# TASK DETAILS
Copy exactly, and only, the lines from the one with "Yuan Zun chapter 559 page 3" to the end of the listing; omit pictures.

# RECORDED INFORMATION

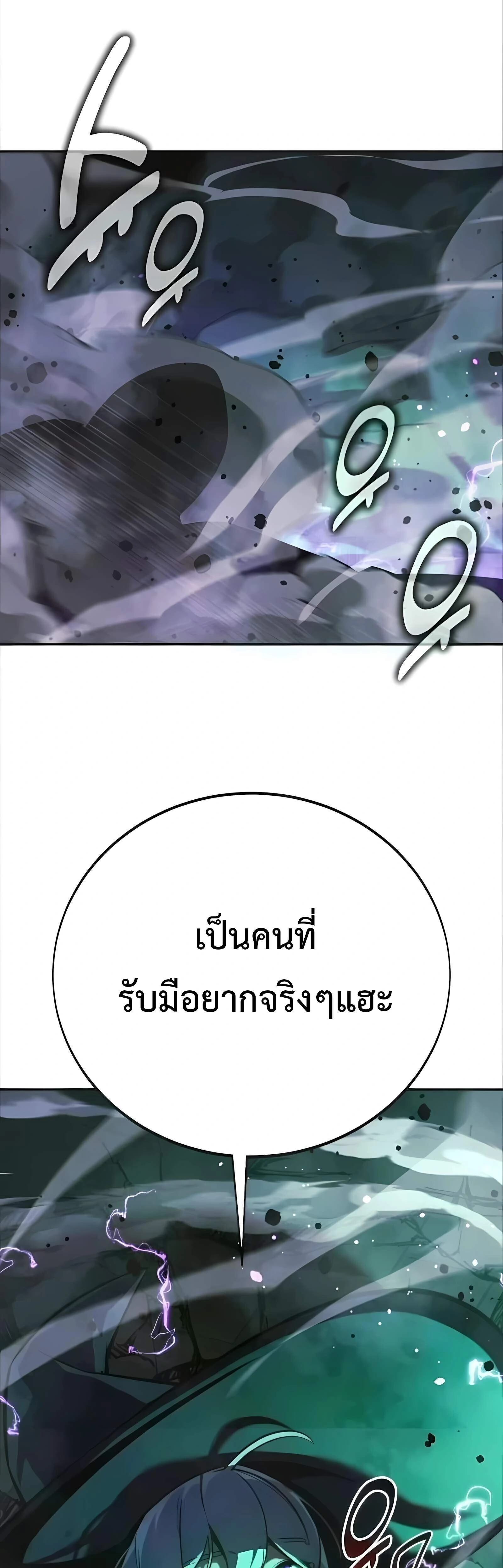 หน้าที่ 82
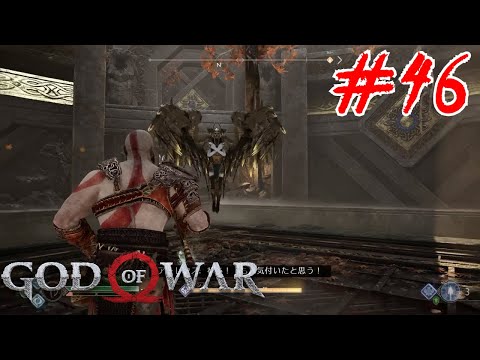 【PS4】#46 GOD OF WAR(ゴッドオブウォー)【神ゲー】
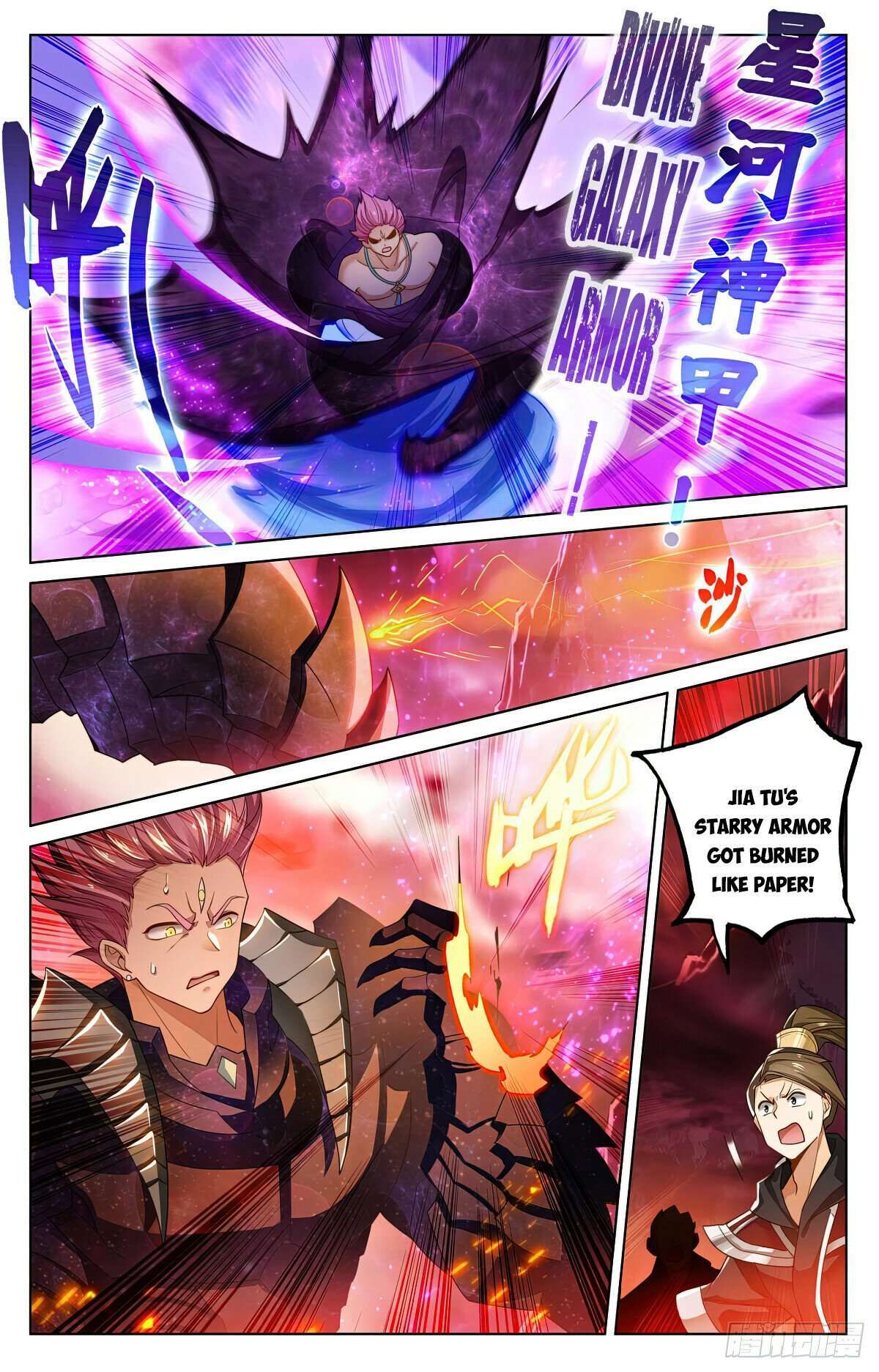 Yuan Zun chapter 559 page 3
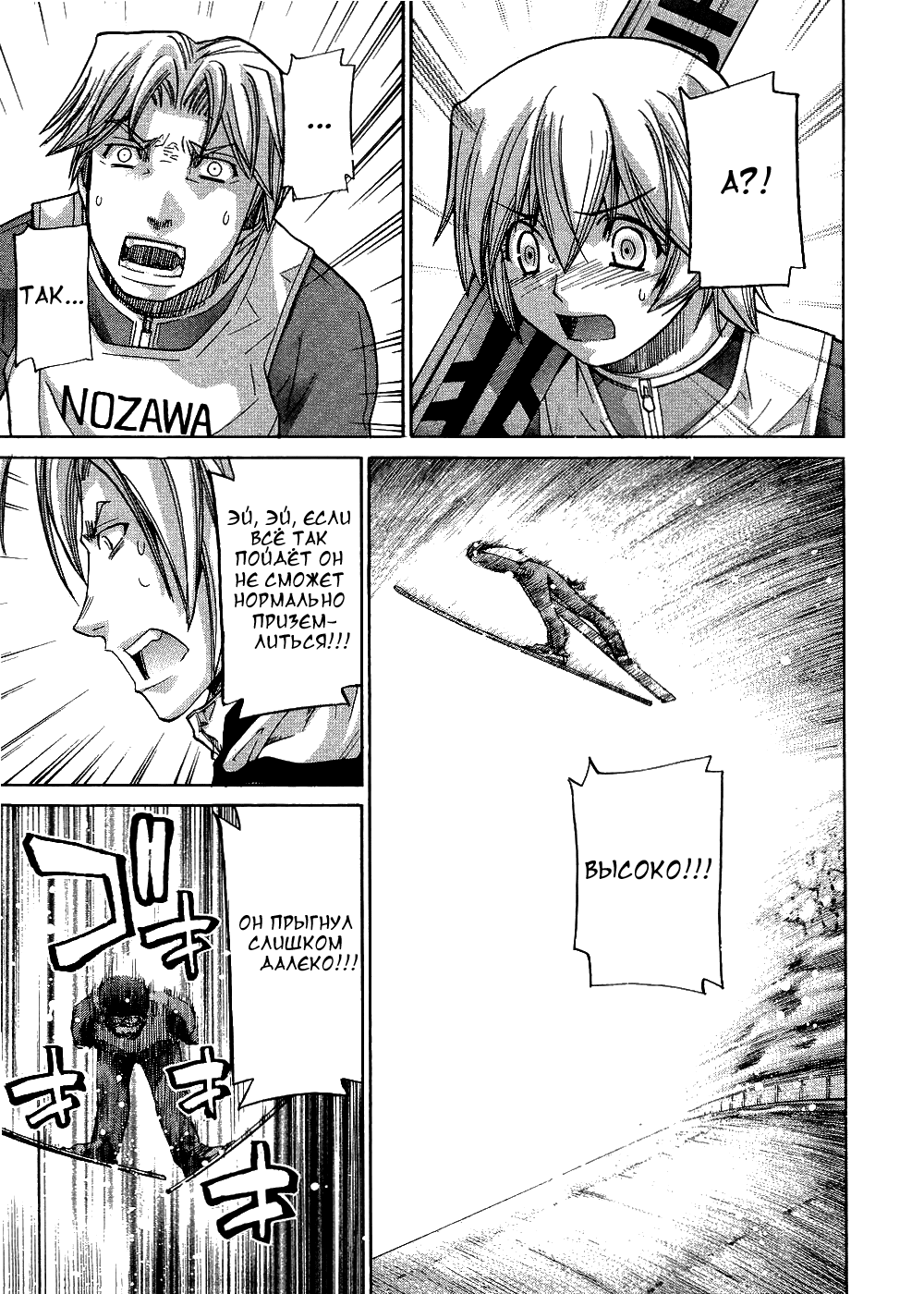 Манга Нонононо - Глава 71 Страница 16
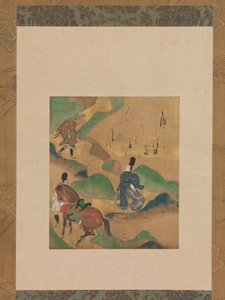 Utsu Dağı Utsu no yama, The Tales of Ise Ise monogatari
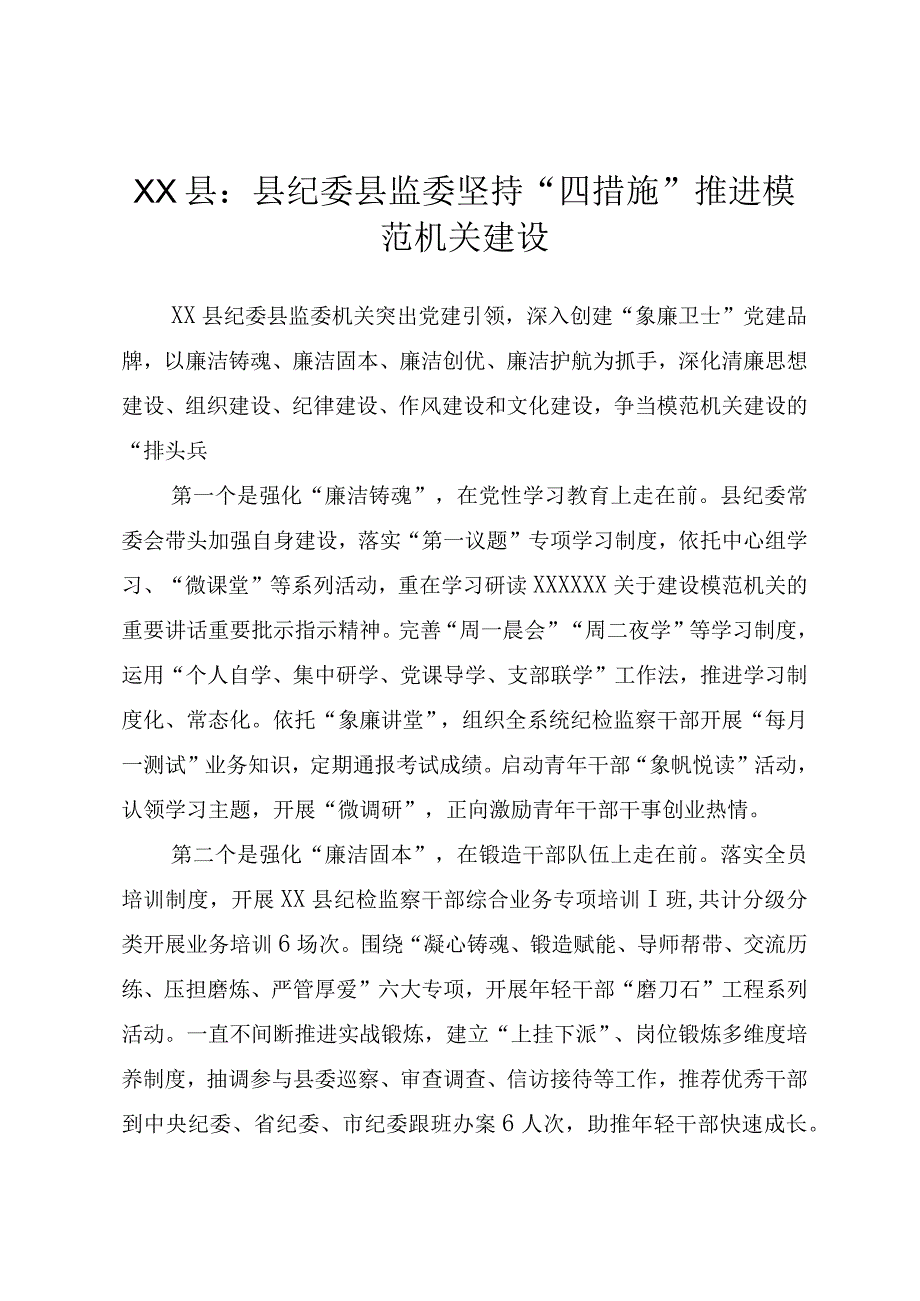 XX县：县纪委县监委坚持“四举措”推进模范机关建设.docx_第1页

# RESPONSE TO THE TASK
 Yuan Zun chapter 559 page 3
 Манга Нонононо - Глава 71 Страница 16
 Utsu Dağı Utsu no yama, The Tales of Ise Ise monogatari
 XX县：县纪委县监委坚持“四举措”推进模范机关建设.docx_第1页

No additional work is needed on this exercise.